Construction of the G7 Beijing-Xinjiang Expressway provides a good example of a domestic BRI infrastructure project. The project has been called by the central government a Belt and Road Initiative “Super project.”Footnote67 It runs 2,582 kilometers and connects Beijing to Ürümqi. Construction started in 2014 and the highway opened in 2017.Footnote68 This project arguably was an opportunity for the government to boost western economic development by inviting local enterprises and workers to take part. Instead, construction was spearheaded by three central state enterprises: China State Construction, China Railway, and China Communications Construction.

The continued predominance of state-owned enterprises in Xinjiang is supported by China’s current (fourteenth) five-year plan. It calls for state-owned enterprises to be a main source of investment in Xinjiang’s economic development, including Power China, which “will actively participate in the construction, transformation, and upgrading of major projects such as the Xinjiang railway, highway, and air transportation systems.”Footnote69 Considering transportation and general infrastructure building are key factors in Xinjiang’s development model under both the BRI and the state’s Five-Year Plans, SOEs will continue to dominate the BRI in Xinjiang.Footnote70

Party members must be atheistic; this discriminates against Uyghurs that practice Islam. Uyghurs within the Party are held to exacting standards and have been harshly criticized. Yusuf Aisha, a Uyghur and former Vice Chairman of the CPPCC of the Xinjiang Autonomous Region, has stated, “At present, among some Uyghur party members and cadres, there are problems such as lack of firm ideals and beliefs, weakened sense of purpose, and weak party consciousness … [Uyghur party members] play a special role in the reunification of the motherland, national unity and social stability.”Footnote71 Like all Party members, they must also demonstrate loyalty to the Party. This becomes complicated when their people are discriminated against by the government.

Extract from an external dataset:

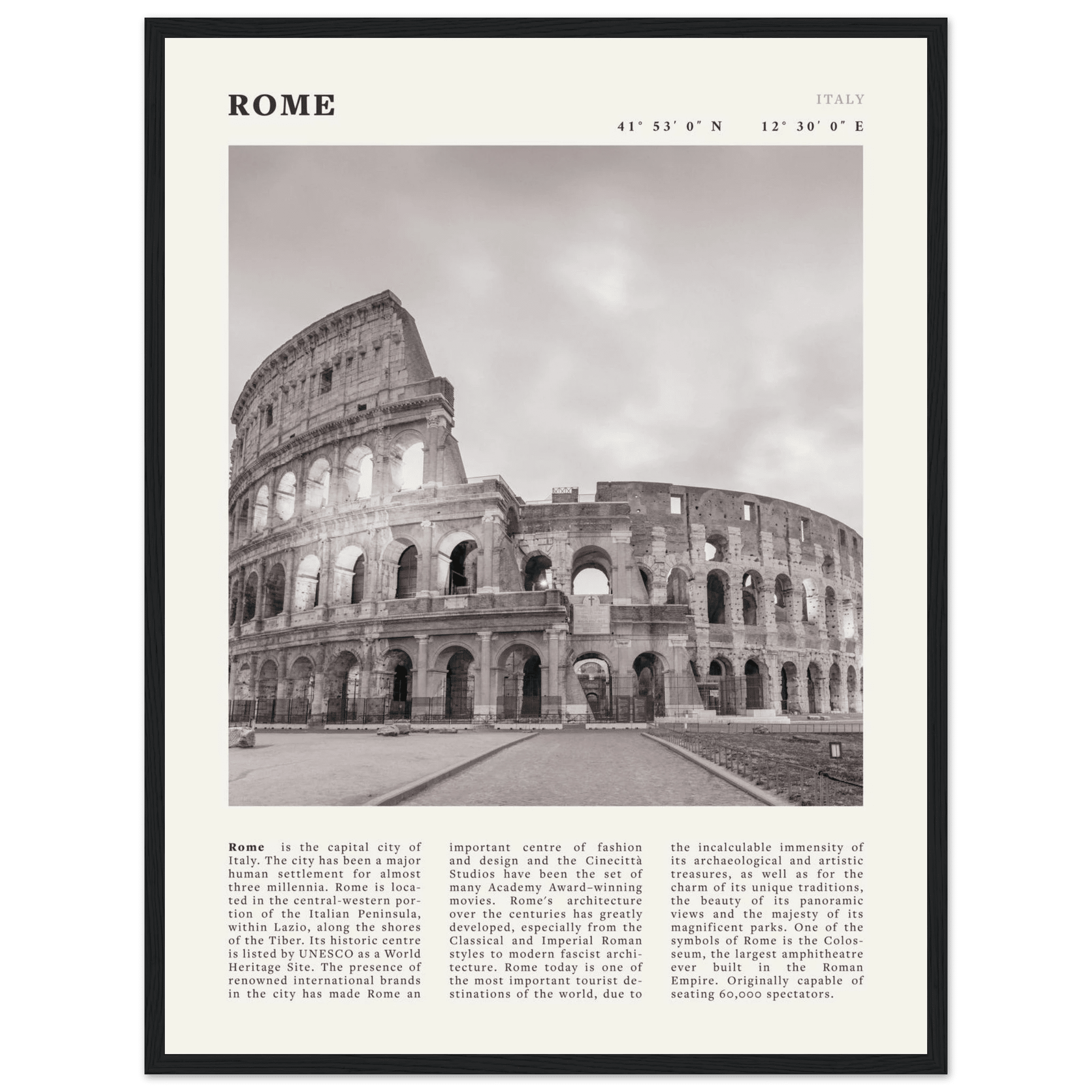 Rome Poster | Black & White Colosseum Wall Art | Italy Travel Print | Roman Decor - Evergreen Posters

Like large and powerful local governments, large SOEs have more power to resist mandates by the CCP, but these SOEs ultimately end up less competitive internationally and less profitable.Footnote72 Given that SOEs are beneficiaries of BRI projects, members of minority groups that do not fall in line with Party standards are unlikely to benefit from employment or salaries that BRI projects may bring. They may even lose government positions during initiatives which are supposed to help them, as has been the case with Tibet.Footnote73

Social and Political Factors

Hu Chunhua and Tibet

The BRI was preceded by the Western Development Strategy, which targeted the Tibetan Autonomous region (TAR). One current leader of BRI implementation previously was posted in Tibet, Hu Chunhua, a member of the National Leading Group for Promoting the Construction of One Belt and One Road (guójiā tuījìn yīdài yīlù jiànshè gōngzuò lǐngdǎo xiǎozŭ), the coordinating body of the BRI within the State Council. Hu has worked in Hebei, Tibet, and Inner Mongolia over his career. In his first fourteen-year tenure in Tibet (1983-1997), he was secretary of the Communist Youth League Tibet Autonomous Region Committee and commissioner of Lizhi and Shannan districts. He returned to Tibet for five years in 2001 as a member of the Standing Committee and Secretary-General of the CCP Tibet Autonomous Region Party Committee.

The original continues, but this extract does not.